How Do You Learn Something New

Recently I made a bit of a career change. I’ve been working in the Sports Industry since I left college nearly 15 years ago and it was time for a new challenge. I haven’t left analysis or the sports industry behind entirely but it was time to get out of my comfort zone.

I was struck last week in a post by Simon Banoub which, when commenting on his recent career change out of sport wrote the following;

I’m also nervous about taking the role of the bloke who asks the stupid questions (probably for months) rather than the bloke who brings a level of industry knowledge to the table right from the get go.
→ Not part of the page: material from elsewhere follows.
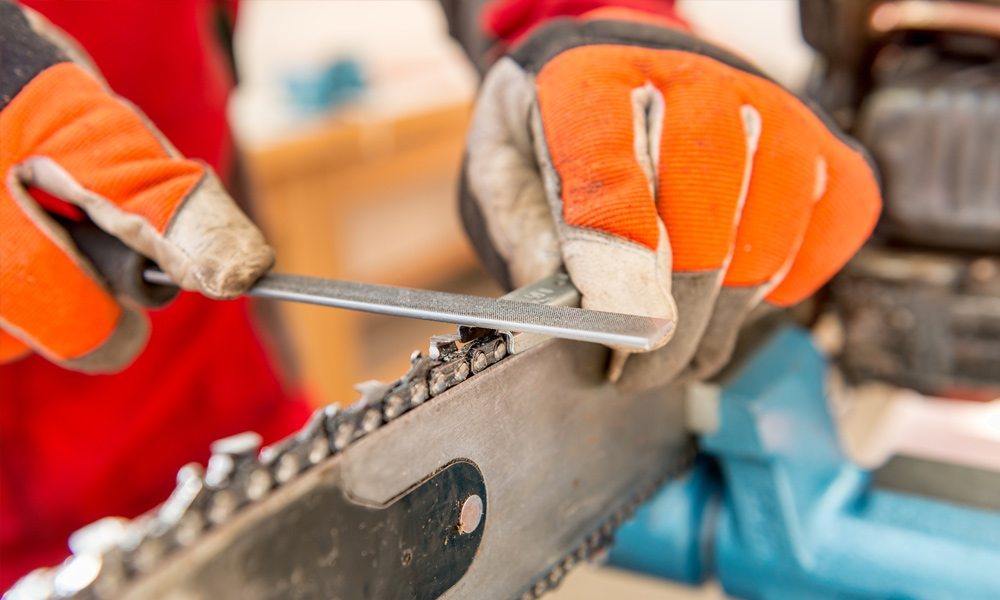 A file sharpening a chainsaw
My new role involves learning two new technologies, Tableau & Alteryx. Tableau I have been a user of for awhile but Alteryx was brand new to me.

I’ve always enjoyed learning new things – but it’s different (and easier) to add a bit to something you are already familiar with. Picking up extra knowledge in sports analysis on top of 10+ years experience is not the same as starting from scratch learning something entirely new.

Over the last 12 months I’ve been in a situation where I feel like, from a technical point of view, I was starting from scratch. So how have I gone about it.

Time: 

Really not sure there is any substitute to this. It took me 10 years of experience to feel comfortable in my own shoes as an analyst. I never felt like I knew everything but there was a certain confidence that comes with having so much experience behind you.

So I don’t think this is any different. It’s going to take time, probably years, just to feel comfortable with new skills.

At the moment all the books I have on the go are about Data Visualisation. Lunch breaks are about finding tutorials on Tableau, Alteryx or Data Viz. Trying to find out what I don’t know or what I could do better.

There really is no substitute for time.

You gotta do it:

Anybody who has followed this blog for the last few years will know how often I’ve preached the fact that you just have to go and do the work. you can watch and read all the theory you want but until you try your hand in a real life scenario you have no idea what you do and don’t know.

It’s the real life questions that have really pushed me on. It can be easy to follow a tutorial along step x step. But real life always throws out questions that push your own understanding of a product or subject.

Be Willing to Fail

This very much follows on from the point above but it’s about being more than in the field. In order to truly improve you will need to be in situations where you might fail. This is massively uncomfortable but absolutely vital. Failure is relative of course.

Being in positions way outside my comfort zone forces me to over prepare. I want to be able to answer any question they could throw at me in a training session. Even though I know this is impossible the days before a training session I’ll be scribbling furiously in a notebook of all the new tips and tricks I’ve learned that week. They don’t come out as fluently or coherently as I’d like first time but I notice that the next session I feel much more comfortable.